In one instance cited in the White House report, in June 2016 a Florida woman, Amin Yu, was found guilty of illegally exporting submarine parts from US companies to a Chinese university associated with the Chinese navy.
2. Regulation
“Chinese
industrial policy features a wide range of coercive and intrusive
regulatory gambits to force the transfer of foreign technologies and IP
to Chinese competitors, often in exchange for access to the vast Chinese
market.”
Foreign
companies in China are not allowed to own a majority stake in most
sectors. They’re usually required to form joint ventures with Chinese
counterparts.
Citing
a 2017 survey conducted by the US-China Business Council, the White
House report says many American companies are victims of forced
technology transfer to Chinese companies.
China
has denied that its policies require technology transfer from foreign
companies. But in a tacit acknowledgement of such complaints, premier Li
Keqiang vowed in March that “there will be no mandatory requirement for technology transfer” as the country relaxed foreign ownership rules.
But
such promises don’t address criticisms that even if there’s no official
policy demanding such transfers, technology and know-how must be given
in exchange for market access.
3. Coercion
“China has used export restraints, including export quotas and export duties, to restrict access to critical raw materials.”
China,
the world’s dominant producer of raw materials crucial to the
manufacturing of high-technology products, has used export restraints to
restrict foreign access to these materials, the report says.
Examples include tungsten, a rare metal used to harden steel and used by the auto industry for cutting and machining tools.
“The
export restraints can also create pressure on foreign downstream
producers to move their operations, technologies and jobs to China,”
says a 2017 report by the US Trade Representative.
4. Information harvesting
“China
acquires US technologies and IP from America’s national security
innovation base through three primary channels of information
harvesting.”
These
channels include the collection of data through open source means –
such as from publicly available websites – the White House report says.
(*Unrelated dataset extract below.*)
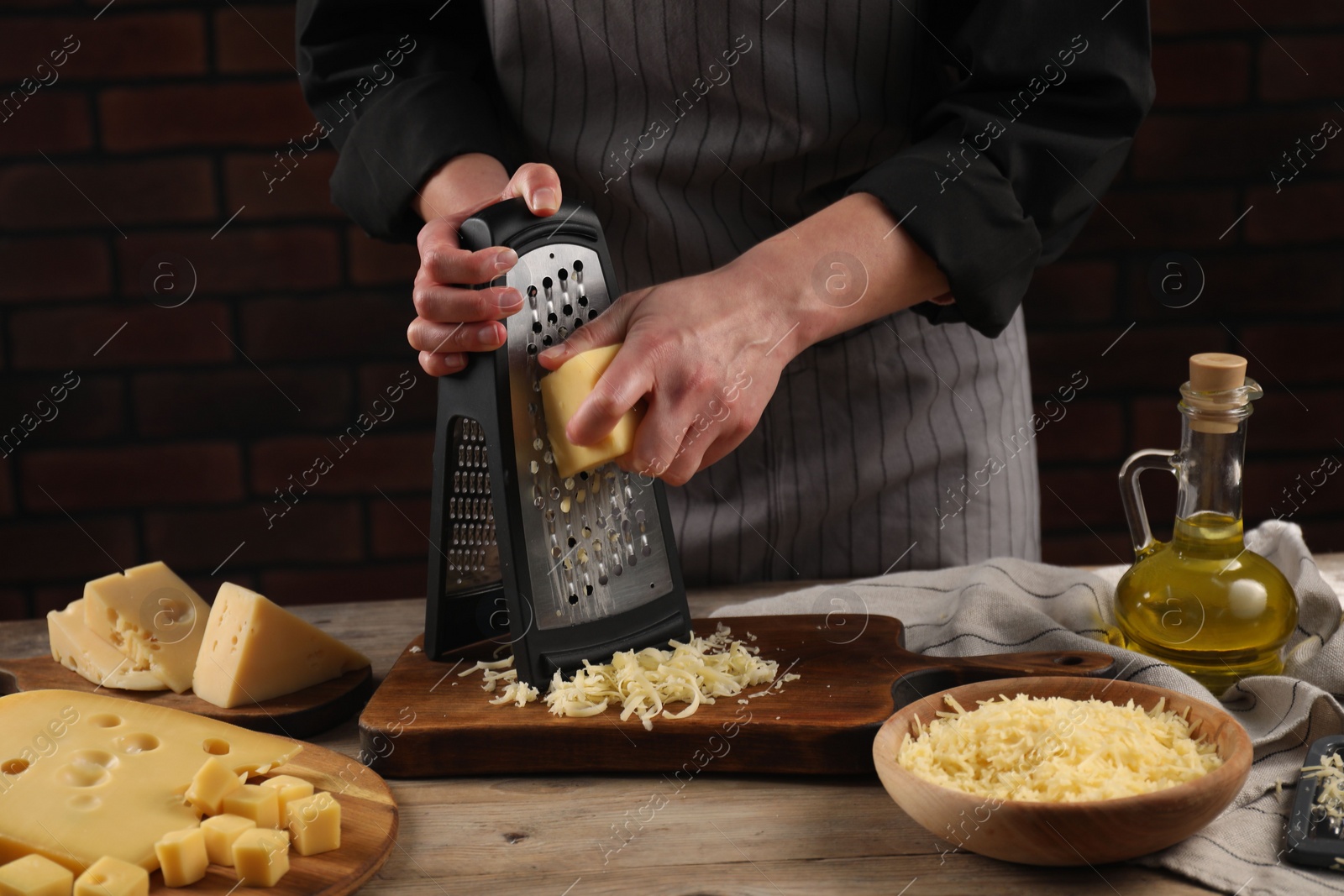 Photo of Woman grating cheese at wooden table, closeup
The report acknowledges that many countries do it, but claims that the
scale and scope of China’s collection is “historical.”
The
report also says Chinese nationals in science and technology sectors
could be manipulated or pressured into gathering information for the
Chinese state.
For
instance, the report suggests that Chinese telecoms giant Huawei’s
partnership with the University of California-Berkeley to research
artificial intelligence could give the Chinese company’s employees a
glimpse into military applications of the technology.
5. Investment
“The
Chinese government has institutionalized the industrial policy of
inducing investment in ‘encouraged’ high-technology sectors using the
financial resources and regulatory instruments of the State.”
The White House report describes China’s “Made in China 2025”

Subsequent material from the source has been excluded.